Aerobatic flights are adrenaline-pumping displays that seek to take flying skills to an absolute level of perfection. They are also fraught with dangers: even a minor, split-second error committed by any one of the team members could send all the aviators involved to certain death.

There have been many instances. In the 1980s, the aviation world witnessed a dramatic flight display by a Russian Sukhoi test pilot: he stunned everyone with a “Cobra” manoeuvre. But a few years later, another Russian aerobatic display flight ended in a spectacular crash.

Also in the early-1980s, a major accident occurred at the HAL airport in Bangalore. Two test pilots were practising on a Kiran jet trainer for an aerobatic display before a parliamentary committee. During the practice session, they showed an amazing and spell-binding level of skill. Sadly, at the end of the short session, while carrying out multiple rolls from inverted flight at very low altitude over the runway, the aircraft crashed, killing both pilots.

On August 28, 1988, three aircraft belonging to the Italian Air Force display team were involved in a mid-air collision. Sixty-seven people on the ground were killed and more than 300 injured when the burning wreckage fell on spectators.

Aerobatic displays at air shows tend to become show-stoppers and draw the maximum audience. This, in turn, results in at least some pilots pushing their limits to the extreme and even going beyond the permitted.
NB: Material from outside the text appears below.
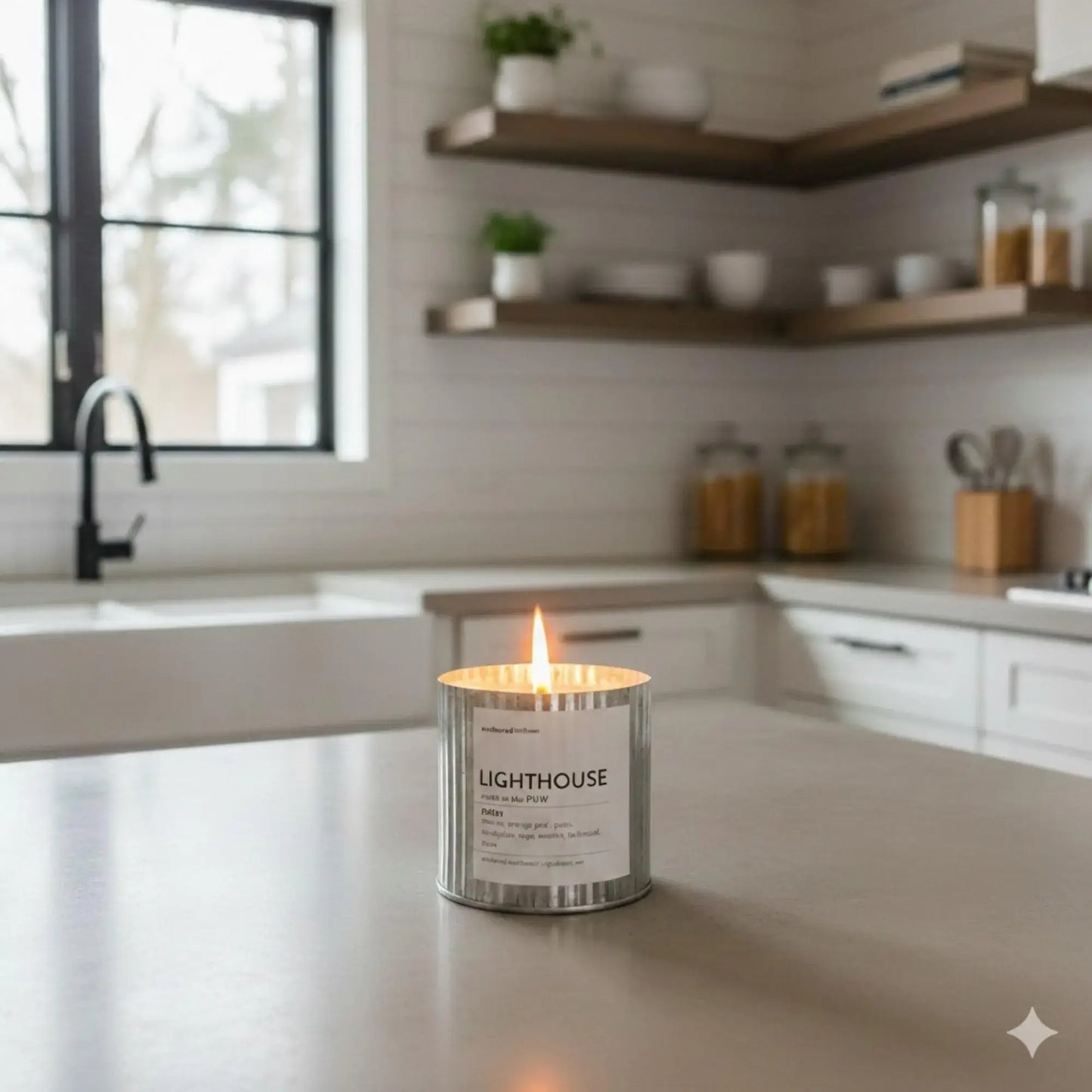 Sea Salt & Orchid Wood Wick Candle, Rustic Farmhouse Decor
On July 27, 2002, during an aerobatic display at the Lviv airfield in Ukraine, an Su-27 fighter jet entered into a low-altitude rolling manoeuvre in a downward trajectory. The aircraft crashed, exploded and cart-wheeled into the crowd, killing 85 people and injuring more than a hundred. The pilots, who ejected to safety, were sentenced to prison terms after trial by a military court. They were accused of having attempted manoeuvres for which they did not have the requisite experience. In their defence, the pilots stated that they had requested additional training flights as they were not familiar with the terrain.

Chief of the Naval Staff Nirmal Verma went on record on March 3 to say that the pilots of the Surya Kiran did not eject as they were trying to manoeuvre the aircraft away from populated areas.

But from inside an aircraft on a near-vertical dive for the “bomb burst” manoeuvre and recovery on a horizontal plane, it is next to impossible to assess the nature of the areas beneath in a split second. The pilots would have been focussing on the instruments for the next manoeuvre. There were reports of bird activity in the vicinity, and if there had been some damage to the engine due to bird ingestion, it would have been impossible for the pilots to recover.

The crucial difference between the aerobatics seen in Hyderabad and the practices followed worldwide, is the proximity to highly populated areas. Begumpet is a poorly located airport for aerobatic displays. In European countries and in the United States, the display areas are confined to a very small zone. The crowd-lines are clearly drawn and the organisers ensure that even if something went wrong, an aircraft would not fly directly into a crowd.

In the old Hyderabad airport, the only clear area is well north of the runway and it is not ideally visible from spectator enclosures. In a manoeuvre such as the “bomb burst,” the flight pattern is like an inverted plume — the aircraft come in on a vertical dive and peel off in four directions with a dramatic display of multi-coloured smoke patterns. Except for the aircraft peeling north, the other three were to fly over thickly populated and built-up areas. Did the organisers take this fact into consideration?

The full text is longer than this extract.